81 İl Müftüsünün, Diyanet İşleri Başkanlığının üst düzey yöneticilerinin, Türkiye Diyanet Vakfı yöneticilerinin ve bu yıl ilk defa her ilin en büyük ilçesinin müftülerinin katıldığı istişare toplantısı, değerlendirme oturumunun ardından Diyanet İşleri Başkanı Prof. Dr. Mehmet Görmez’in sonuç bildirgesini kamuoyuyla paylaşmasıyla sona erdi.

Sonuç bildirgesinin okunmasından önce son günlerde yaşanan terör saldırılarının kınandığı toplantıda, “Toplantının arefesinde başkentimiz Ankara’da ve toplantının icrası esnasında ülkemizin muhtelif kentlerinde meydana gelen terör hadiselerinde şehit düşen kardeşlerimize Yüce Allah’tan rahmet, yaralılara acil şifa, yakınlarına, sevenlerine ve milletimize sabır ve metanet diliyoruz. Milletimizin başı sağolsun! Ülke ve millet olarak bir an önce güven ve huzur ortamına kavuşmayı Cenab-ı Hakk’tan niyaz ediyoruz” ifadelerine yer verildi.

Diyanet İşleri Başkanı Görmez’in kamuoyuyla paylaştığı 16 maddelik sonuç bildirgesinde yer alan maddeler şunlar;

“Müslüman coğrafyası, tarihinde hiç görmediği kadar toplumsal gerilim ve çatışmalarla derin bir ayrışmaya ve parçalanmaya sürüklenmek istenmektedir…”

Bugün Müslüman toplumlar tarihin en zor süreçlerinin birinden geçmekte, coğrafyamızda büyük acılar ve trajediler yaşanmaktadır. Müslüman coğrafyası, tarihinde hiç görmediği kadar toplumsal gerilim ve çatışmalarla derin bir ayrışmaya ve parçalanmaya sürüklenmek istenmektedir.
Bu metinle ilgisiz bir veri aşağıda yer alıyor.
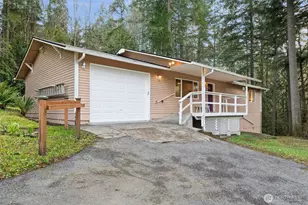 565 NE Ormsby Way, Bremerton, WA 98311 - Photo 5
Ne yazık ki tarih boyunca İslâm  medeniyetinin sembolü olmuş ana şehirlerinde terör ve vahşet şebekeleri türetilmekte ve bunlar marifetiyle hunharca cinayetler işlenmektedir. Aynı zamanda bu terör ve vahşet şebekeleri, işlediği cinayetleri kitle iletişim araçları yoluyla tüm dünyaya servis etmekte, böylece küresel İslamofobi endüstrisi beslenmektedir.
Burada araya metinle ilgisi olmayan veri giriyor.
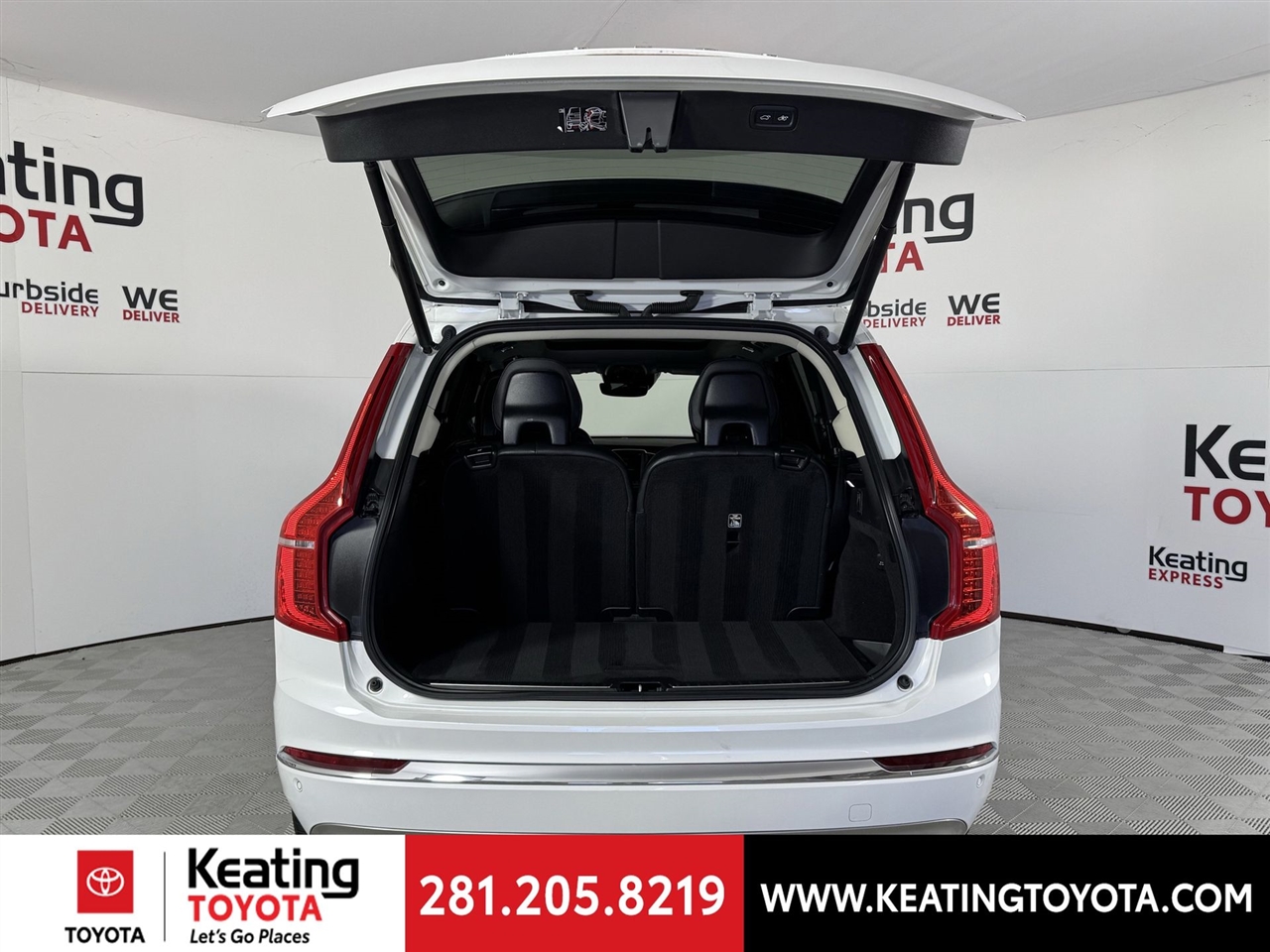 Volvo XC90 T8 Inscription Expression AWD w/6 Passenger 2022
“İslam coğrafyasında ideolojik,bölücü ve ayrıştırıcı örgütler oluşturularak, ‘Vekâlet Savaşları’ denilen bir çatışma ortamı devreye sokulmuştur…”

Tarihsel süreçte bölgemizde ve İslâm coğrafyasında yaşanan çok boyutlu toplumsal travmaların ardında sömürge, istilâ, istibdat ve işgal gibi haricî ve dahilî etkenlerin yattığı herkesçe bilinmektedir. Başlangıcı en az 40 yıl geriye giden bölgesel fiilî çatışmalar, şiddet kültürü oluşturmuş; dinî, etnik ve siyasî enstrümanlarla kademeli olarak bu kültür yaygınlaşmış, Orta Doğu ve Afrika’da; İslâm  dünyasının ana kıtasında sosyal dokuyu bozan kaotik bir hâl almıştır. Bu süreçte dinî refaranslı yapay/kurmaca şiddet odaklı örgütler ve yapılar var edilmiştir. Müslüman bünyeyi çok boyutlu tahrip eden, hem dinî hem ideolojik hem bölücü, hem de ayrıştırıcı örgütler oluşturulmuştur. Bu örgütler, türetildikten sonra yerleşik hâle getirilmiştir. Bunlar üzerinden adına “Vekâlet Savaşları” denilen bir çatışma ortamı devreye sokulmuştur. Özellikle gençlerin, inandırılarak ve kandırılarak dinî referanslı terör örgütlerinin ağına düşürülmesinde savruk ve çarpık din anlayışlarının etkisi kadar, 40 yıllık çatışmaların getirdiği psikososyal ortamın, ayrıca yaşanmakta olan siyasî ve iktisadî adaletsizliklerin, ayrımcılık ve ötekileştirmenin payı asla göz ardı edilmemelidir.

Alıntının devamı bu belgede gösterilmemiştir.